Yesterday’s readings spoke about how the popularity of David and the popularity of Jesus got them into trouble. It gained David the hatred of King Saul, and it gained Jesus so many followers that he could not move about freely. Today’s reading, staying with that, tells us how the desire to be great makes people foolish.
It was a great promotion for those twelve fishermen when Jesus chose them to be his Apostles. But, as the expression goes: it went to their heads. It found them talking heatedly as they followed Jesus through the countryside. And when Jesus asked them what they were discussing, they had to sheepishly admit that they were arguing about which of them was the greatest.
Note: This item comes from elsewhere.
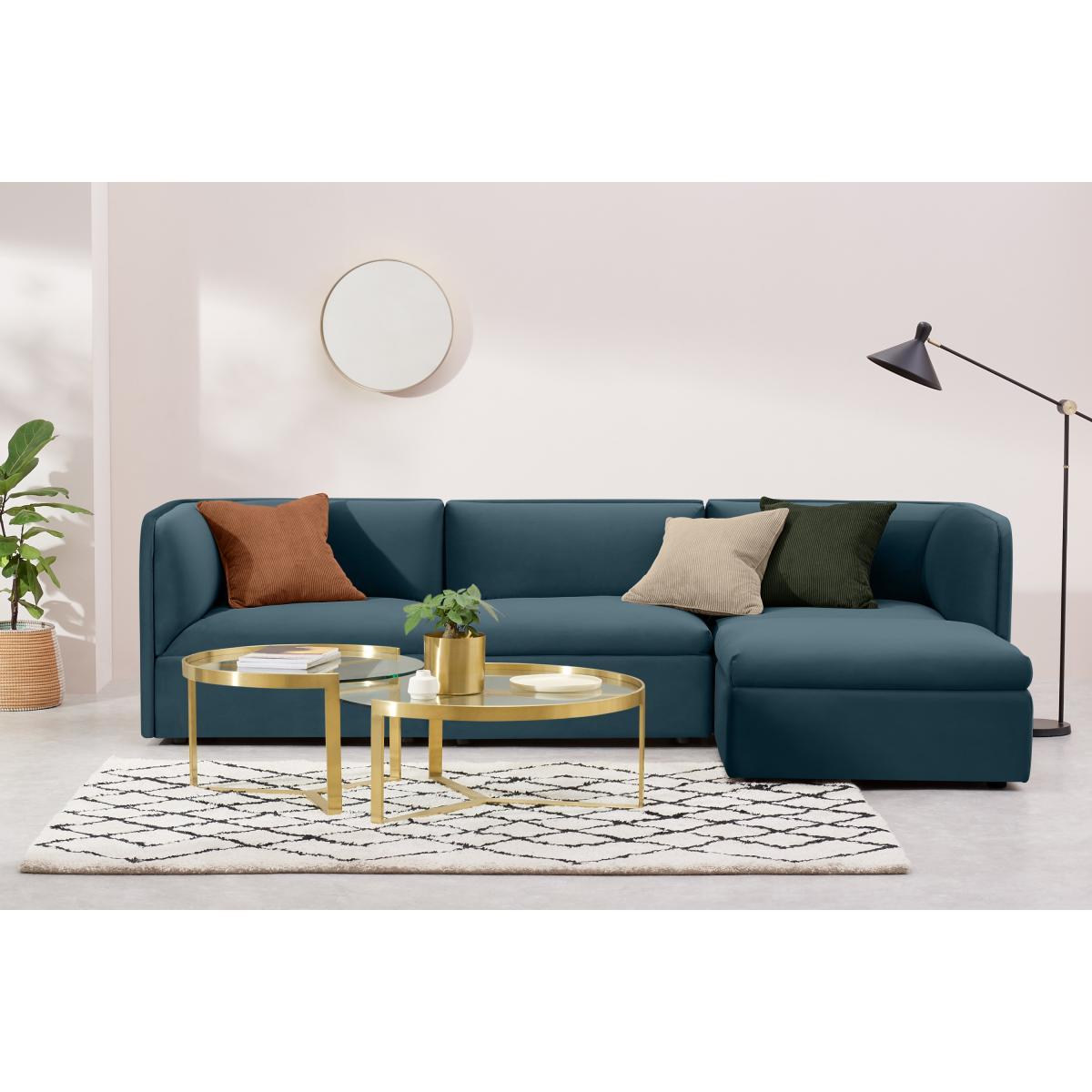 Torkel Chaise End Corner Sofa, Coastal Blue Velvet – image 4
Jesus showed them the foolishness of that. He told them that whoever wished to be the greatest among them could only accomplish it by his becoming the least. He said, “He who exalts himself will be humbled. He who humbles himself will be exalted.
Then, Saul’s desire to be greater than David drove him insane. He came to waste all of his time and efforts on killing his rival David. David was hiding out among the wild goat crags when Saul, wanting to relieve himself, ducked into the mouth of the very cave where David was hiding farther back. That gave David a chance to kill his pursuer, but he kept hidden until Saul had gone out and climbed to the far side of the ravine.
When David called across that canyon to him, Saul answered with the bewildered voice of a man whom jealousy had driven out if his mind. He sweetly called out, “Is that your voice, my son, David?”
Greatness is just a delusion. As Gray informed us,. “The paths of glory lead but to the grave.”